My reader’s notion that opposition to abortion forgives all other mortal sin and that opposition to inconvenient mortal sin is “phariseeism” is precisely the issue I am trying to point out. He is sacrificing the fullness of inconvenient Catholic moral teaching on an altar of anti-abortion idolatry.  If an occasional swarthy innocent human being with a foreign-sounding name is beaten to death or tortured for months, no problem.  Opposition to abortion taketh away the sins of the world.  The irony of it is that it’s sold exactly the way abortion was forty years ago:  only a few innocents will die in our pursuit of the Greater Good.  Let’s make it safe, legal and rare, etc.  That’s not just immoral, but incredible folly in a civilization that is rapidly coming to regard Catholics as “extreme, radical, divisive, dangerous, and destructive”.  You know, like terrorists.

Somebody who has no qualms about beating an innocent man to death because it gets in the way of his desire to torture the guilty is, at best, anti-abortion, not prolife.  Such dissent from CCC 2297 is as deeply Catholic as Nancy Pelosi or John Kerry.  More than that though, such a man may well have some serious ‘splainin’ to do to his family when the People’s Democratic National Security State of America comes for him and his family and deploys their “enhanced interrogation” against them for their dangerous Catholic beliefs.  Should that day come, don’t say I didn’t warn you.

Now the funny thing is, that’s not all the angry mail I’ve gotten.  In addition to the charge of “phariseeism” for my fussy prissiness about beating and torturing innocent people to death, I’ve also gotten mail from other folk declaring that all that stuff in Cdl. Ratzinger’s letter concerning remote material cooperation with evil (which conservative Catholics routinely read to mean “It’s fine to vote for a pro-torture candidate so long as you want to oppose abortion”) is *only* applicable when it’s conservatives doing the remote material cooperation.  As one reader magisterially declared:

The number one issue in America today is abortion.  Anyone who votes for a candidate condoning abortion commits a mortal sin under all conditions.  That should be a no brainer. Any practicing Catholic that voted for the Socialist Democrat Obama was automatically excommunicated, and every time they receive the Eucharist is a sacrilege.  How many have been penitent and returned to the Church?  From their indicated actions, very few I suspect.

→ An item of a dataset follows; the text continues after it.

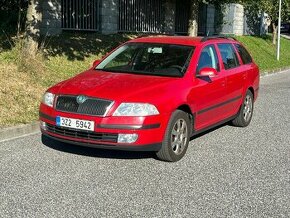 Octavia II combi  2007 2,0 tdi 103 kw původ CZ - 1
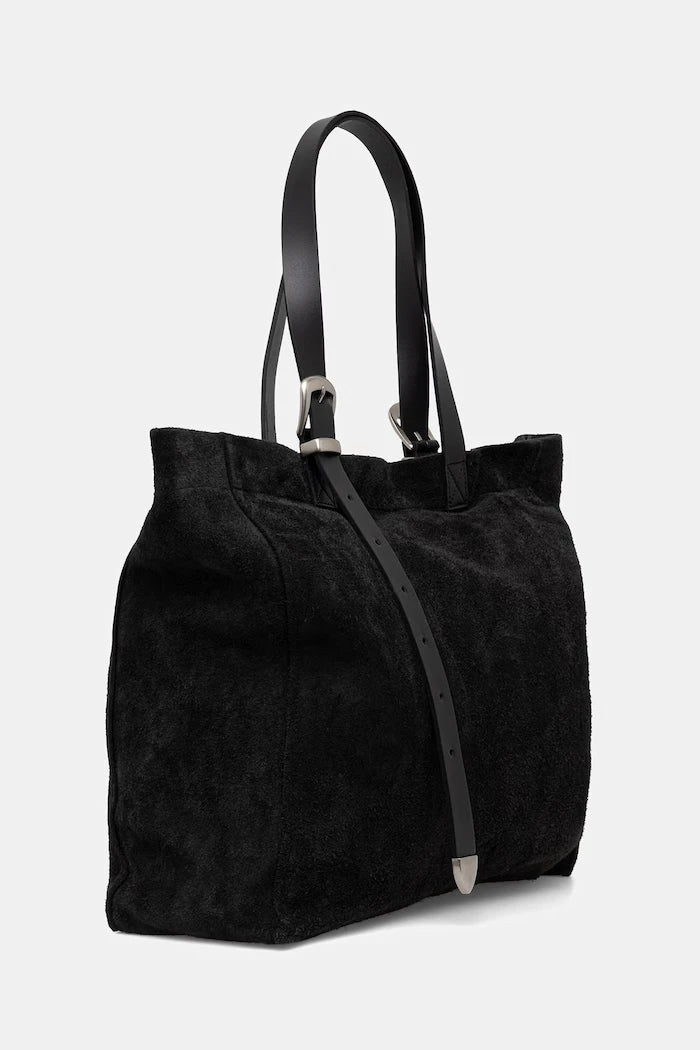 AllSaints HAVEN Kadife Çanta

The problem is, this is a downright studious misreading of what Cdl. Ratzinger actually said.

Here is what Cdl. Ratzinger actually wrote:

“A Catholic would be guilty of formal cooperation in evil, and so unworthy to present himself for Holy Communion, if he were to deliberately vote for a candidate precisely because of the candidate’s permissive stand on abortion and/or euthanasia. When a Catholic does not share a candidate’s stand in favor of abortion and/or euthanasia, but votes for that candidate for other reasons, it is considered remote material cooperation, which can be permitted in the presence of proportionate reasons.”

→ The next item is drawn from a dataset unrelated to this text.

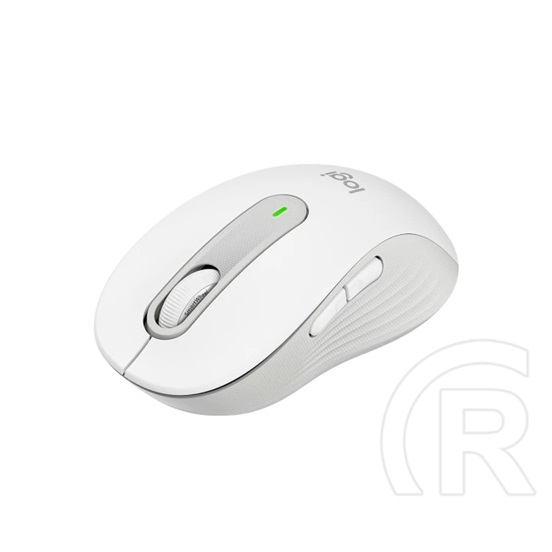 Logitech Signature M650 Medium cordless optikai egér (USB/Bluetooth, fehér)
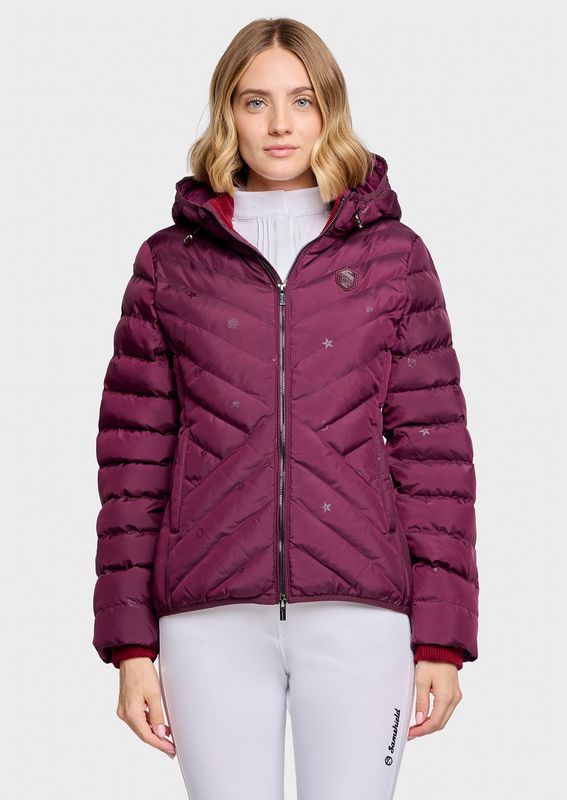 Courchevel Emblem Edition Plum - Samshield Courchevel Emblem Edition Plum - Samshield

In short, just as many conservatives think there is a proportional reason to vote for a pro-torture guy without supporting torture, so Cdl. Ratzinger specifically acknowledges the possibility that somebody could vote for an Obama for what they consider proportional reasons, provided they do not mean to support abortion.  This is why we are not to sit in judgment of others when they vote for people we ourselves would never be able to vote for in good conscience and it’s why I pass no judgment on anybody who votes for a pro-torture or pro-abortion candidate. 

Bottom line: unless you know for absolute certain that that somebody voted for a candidate who advocates intrinsic grave evil because they wanted to support that evil, you cannot (as my reader does above) don a paper mitre and declare, “Any practicing Catholic that voted for [the pol advocating intrinsic grave evil] was automatically excommunicated, and every time they receive the Eucharist is a sacrilege.”  If the person who voted for the pol believed they had a proportional reason to do so (say, wanting to get us out of an unjust war or lower taxes that were crushing his family) but were not voting because they supported the intrinsic grave evil, then it was morally permissible according to Cdl. Ratzinger.  We cannot judge others for we cannot know their hearts.

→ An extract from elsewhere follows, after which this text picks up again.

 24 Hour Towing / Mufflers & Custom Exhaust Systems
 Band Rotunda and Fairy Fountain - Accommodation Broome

But we are expected to judge ourselves.  So while I will not join the Inquisition against others who vote for pols advocating grave evil (since I cannot read hearts), I will say that I could never, in good conscience, vote for a pol who I know will advocate grave and intrinsic evil.  That goes for Obama and for whoever finally floats to the top of the GOP pool (since they all support torture except for Ron Paul and he will never be nominated).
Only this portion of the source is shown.